It’s that time of year when students are looking for an interesting idea for a project (it might be a bit late for this year’s students, but I have been mulling over these ideas for a while, and might forget them by next year). A few years ago I listed some suggestions for student projects, as far as I know none got used, so let’s try again…
Checking the correctness of the Python compilers/interpreters. Lots of work has been done checking C compilers (e.g., Csmith), but I cannot find any serious work that has done the same for Python. There are multiple Python implementations, so it would be possible to do differential testing, another possibility is to fuzz test one or more compiler/interpreter and see how many crashes occur (the likely number of remaining fault producing crashes can be estimated from this data).
Talking to the Python people at the Open Source hackathon yesterday, testing of the compiler/interpreter was something they did not spend much time thinking about (yes, they run regression tests, but that seemed to be it).
Finding faults in published papers. There are tools that scan source code for use of suspect constructs, and there are various ways in which the contents of a published paper could be checked.
Possible checks include (apart from grammar checking):
- incorrect or inaccurate numeric literals.

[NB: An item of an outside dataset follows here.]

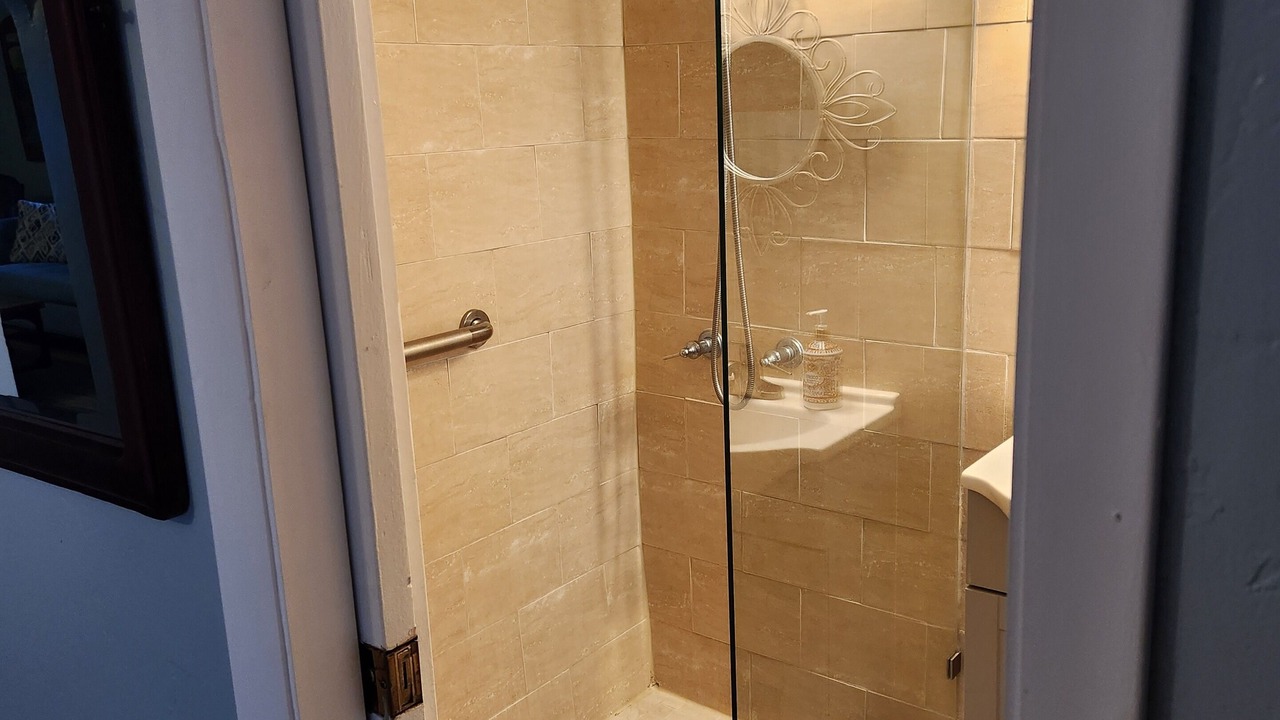 Photo of Bathroom in Hollywood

Checking whether the suspect formula is used is another possibility, provided the formula involved contains known constants.
- inconsistent statistics reported (e.g., “8 subjects aged between 18-25, average age 21.3″ may be correct because 21.3*8 == 170.4, ages must add to a whole number and the values 169, 170 and 171 would not produce this average), and various tools are available (e.g., GRIMMER).

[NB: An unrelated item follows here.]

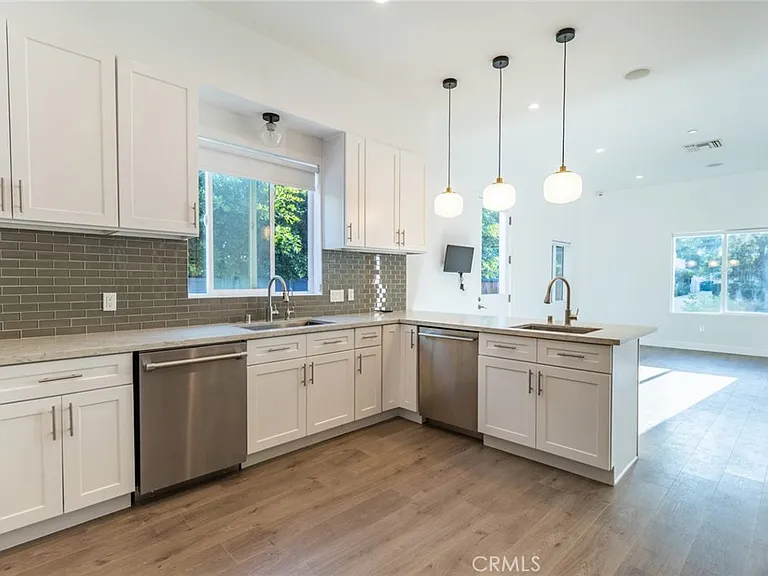 1480 S Durango Ave — Photo 23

Citation errors are relatively common, but hard to check automatically without a good database (I have found that a failure of a Google search to return any results is a very good indicator that the reference does not exist).
Number extraction. Numbers are some of the most easily checked quantities, and anybody interested in fact checking needs a quick way of extracting numeric values from a document. Sometimes numeric values appear as numeric words, and dates can appear as a mixture of words and numbers. Extracting numeric values, and their possible types (e.g., date, time, miles, kilograms, lines of code). Something way more sophisticated than pattern matching on sequences of digit characters is needed.
spaCy is my tool of choice for this sort of text processing task.